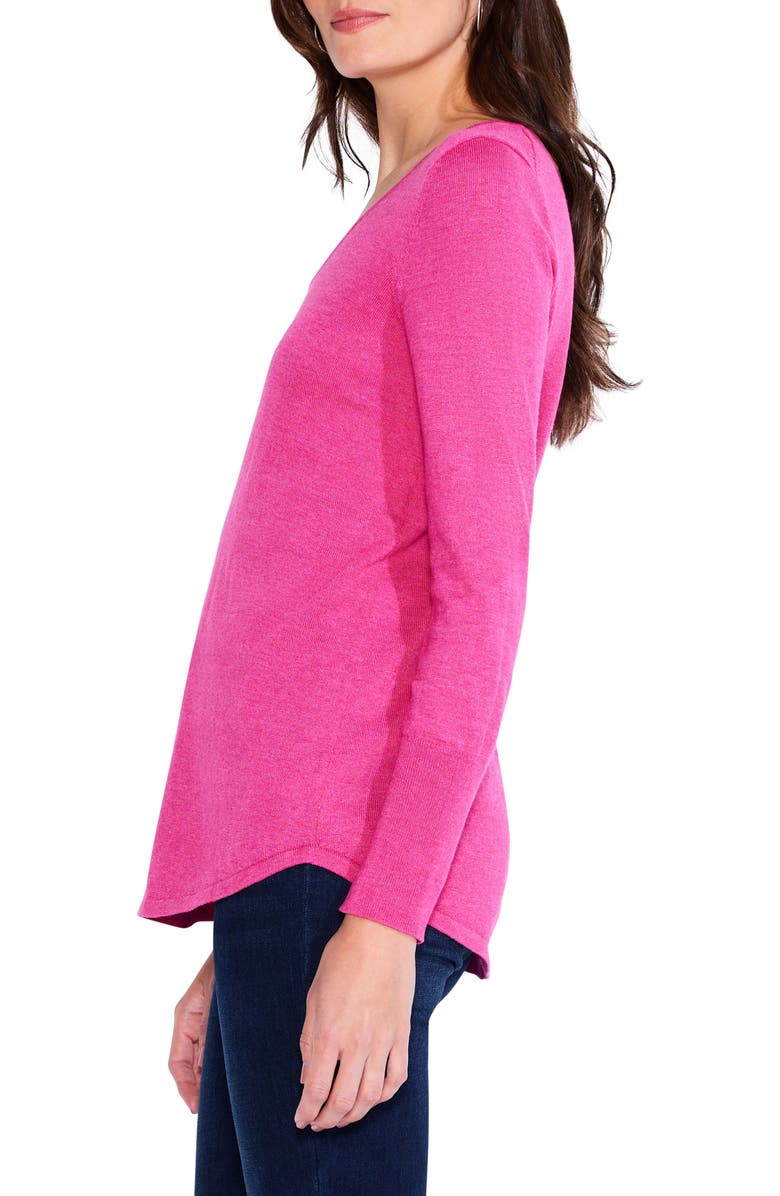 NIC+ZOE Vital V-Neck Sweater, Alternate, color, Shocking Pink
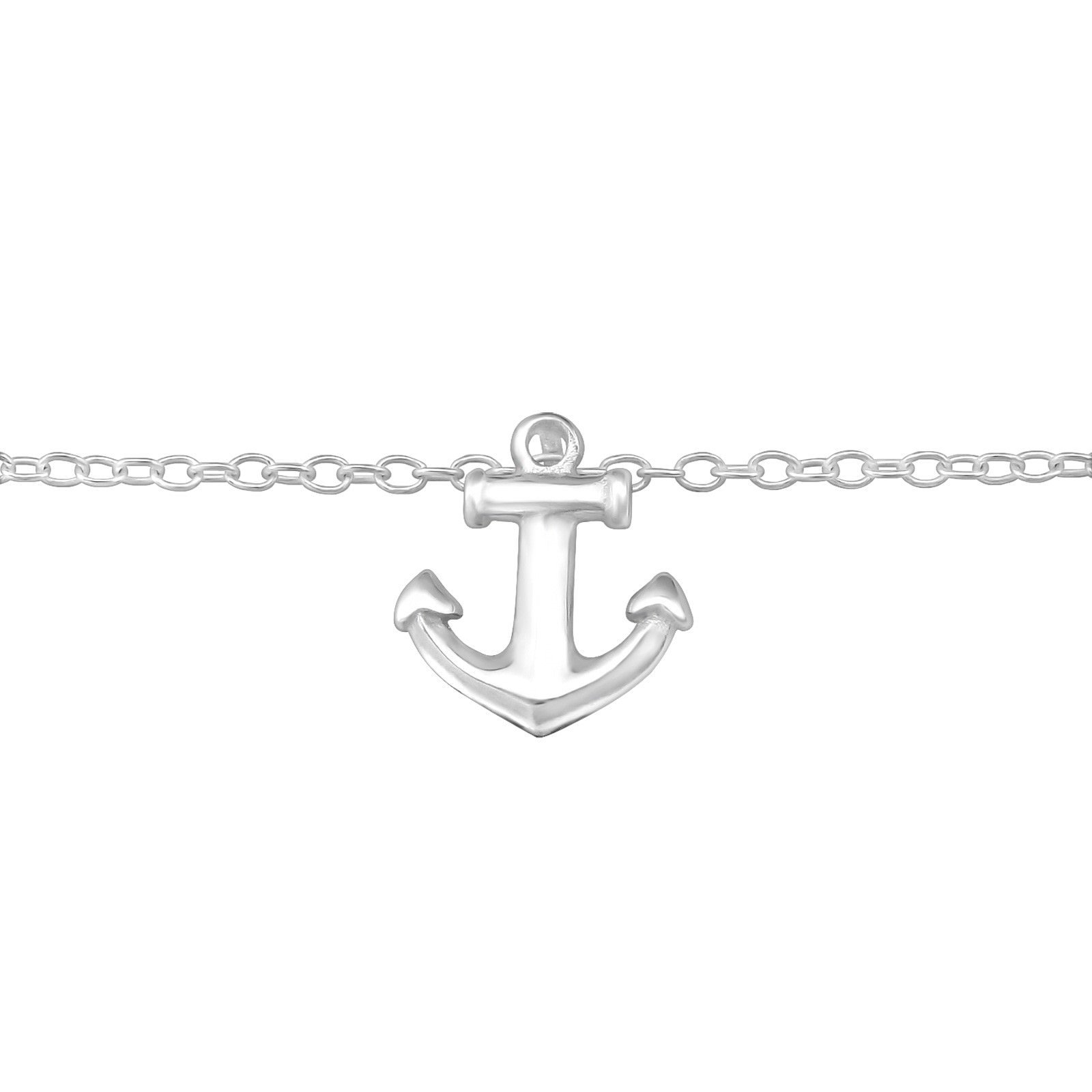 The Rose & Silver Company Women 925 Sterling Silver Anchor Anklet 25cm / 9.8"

# # # # # # #

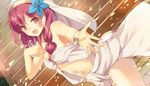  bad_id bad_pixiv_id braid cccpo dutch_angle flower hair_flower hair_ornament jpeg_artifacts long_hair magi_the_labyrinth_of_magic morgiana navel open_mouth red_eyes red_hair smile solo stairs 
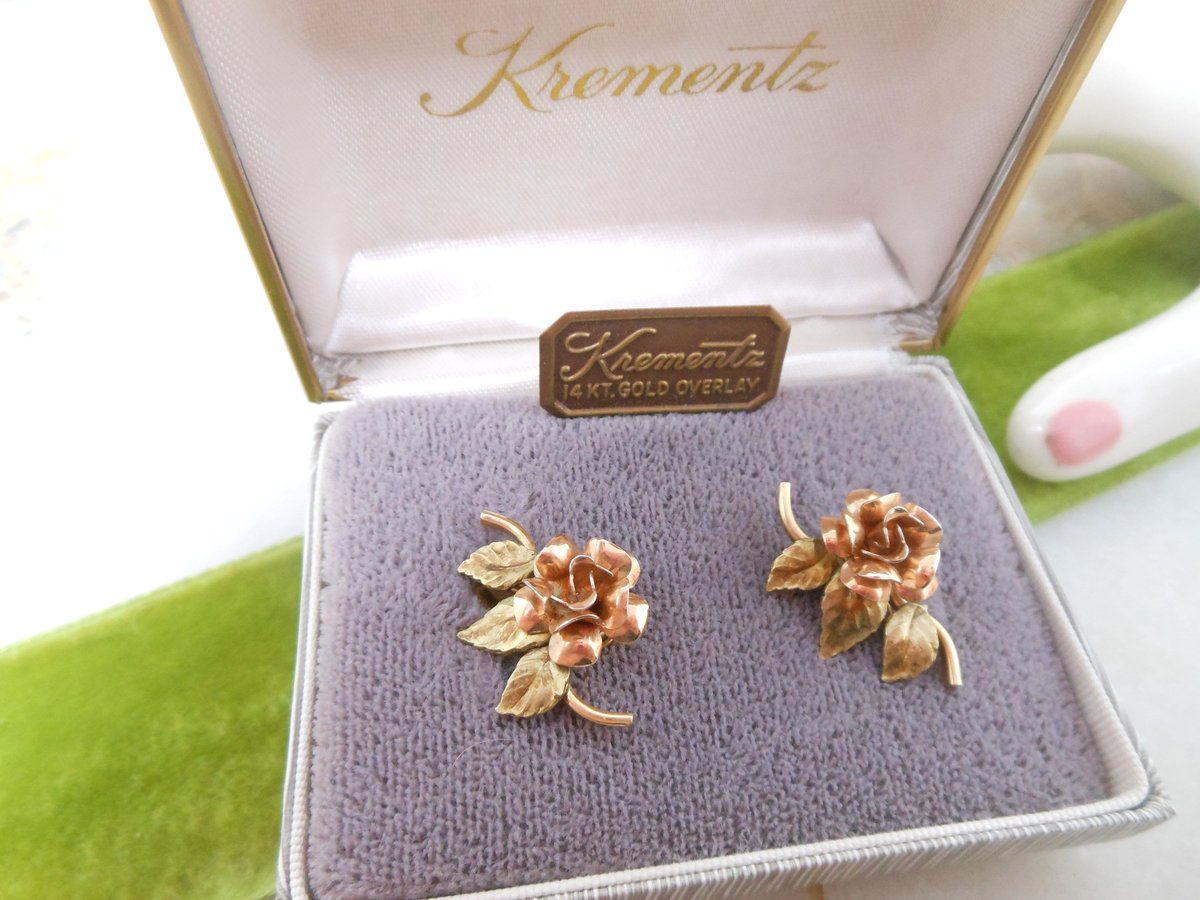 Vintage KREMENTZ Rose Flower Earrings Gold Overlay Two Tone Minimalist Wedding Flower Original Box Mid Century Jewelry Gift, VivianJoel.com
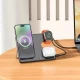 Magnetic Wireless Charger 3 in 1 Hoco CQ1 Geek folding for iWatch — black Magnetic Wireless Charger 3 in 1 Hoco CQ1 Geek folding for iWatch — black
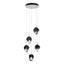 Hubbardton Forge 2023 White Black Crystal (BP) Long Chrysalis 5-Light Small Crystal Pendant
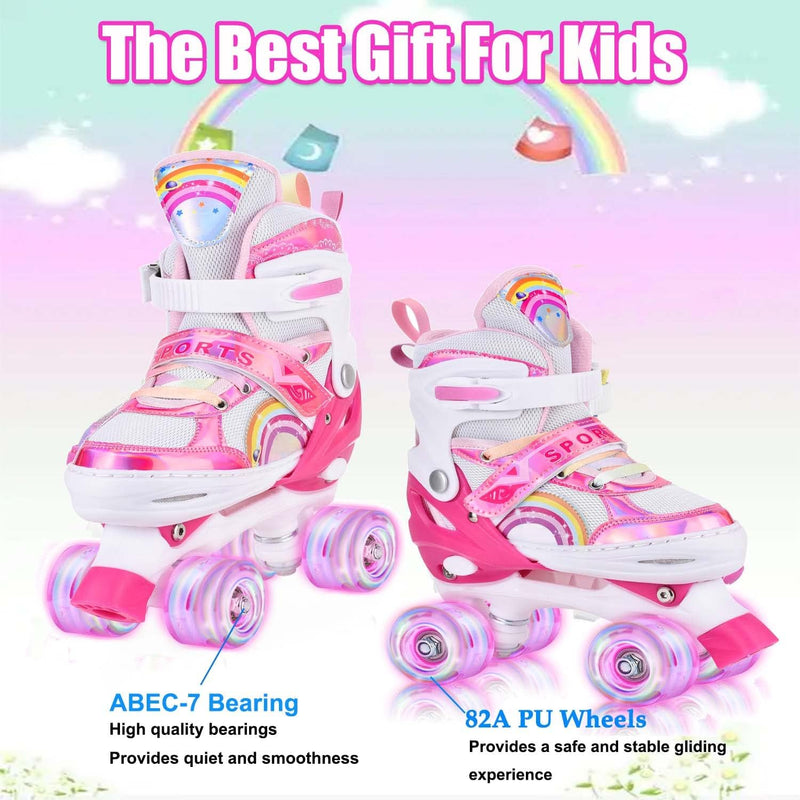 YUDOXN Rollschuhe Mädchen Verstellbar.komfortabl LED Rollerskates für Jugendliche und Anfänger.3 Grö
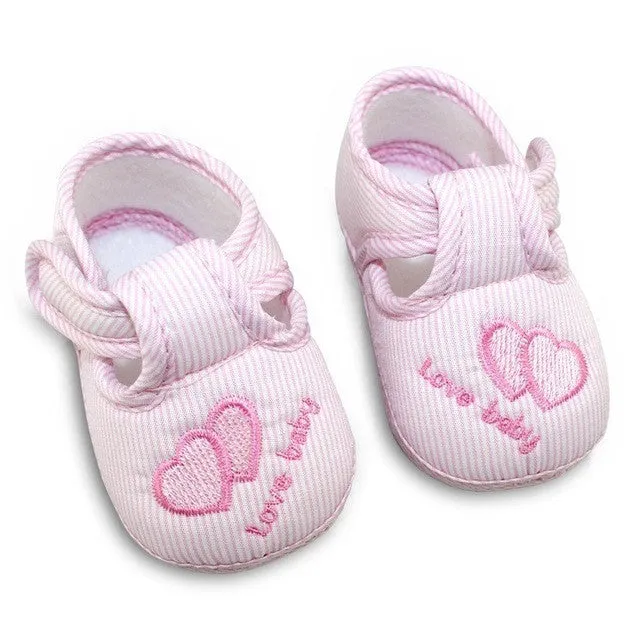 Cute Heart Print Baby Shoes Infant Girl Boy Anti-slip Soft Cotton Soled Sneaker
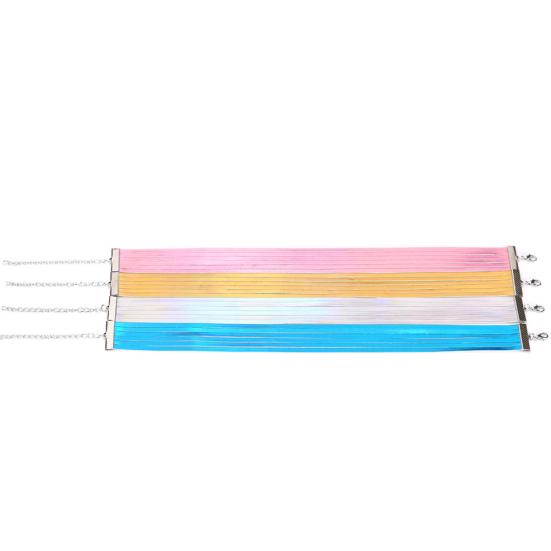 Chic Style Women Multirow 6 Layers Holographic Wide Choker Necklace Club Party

# # # # # # #

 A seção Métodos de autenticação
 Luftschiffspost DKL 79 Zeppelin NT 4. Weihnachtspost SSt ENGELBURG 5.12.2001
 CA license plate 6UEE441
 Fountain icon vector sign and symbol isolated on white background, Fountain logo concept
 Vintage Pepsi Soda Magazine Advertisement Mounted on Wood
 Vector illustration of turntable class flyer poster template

# # # # # # #

WHAT THIS TASK INVOLVES :: Restate word for word every line from the one with "black Magnetic Wireless" up to and including the one with "Chic Style Women" in the records above, minus the pictures.

SOLUTION TO THIS TASK ::
 Magnetic Wireless Charger 3 in 1 Hoco CQ1 Geek folding for iWatch — black Magnetic Wireless Charger 3 in 1 Hoco CQ1 Geek folding for iWatch — black
 Hubbardton Forge 2023 White Black Crystal (BP) Long Chrysalis 5-Light Small Crystal Pendant
 YUDOXN Rollschuhe Mädchen Verstellbar.komfortabl LED Rollerskates für Jugendliche und Anfänger.3 Grö
 Cute Heart Print Baby Shoes Infant Girl Boy Anti-slip Soft Cotton Soled Sneaker
 Chic Style Women Multirow 6 Layers Holographic Wide Choker Necklace Club Party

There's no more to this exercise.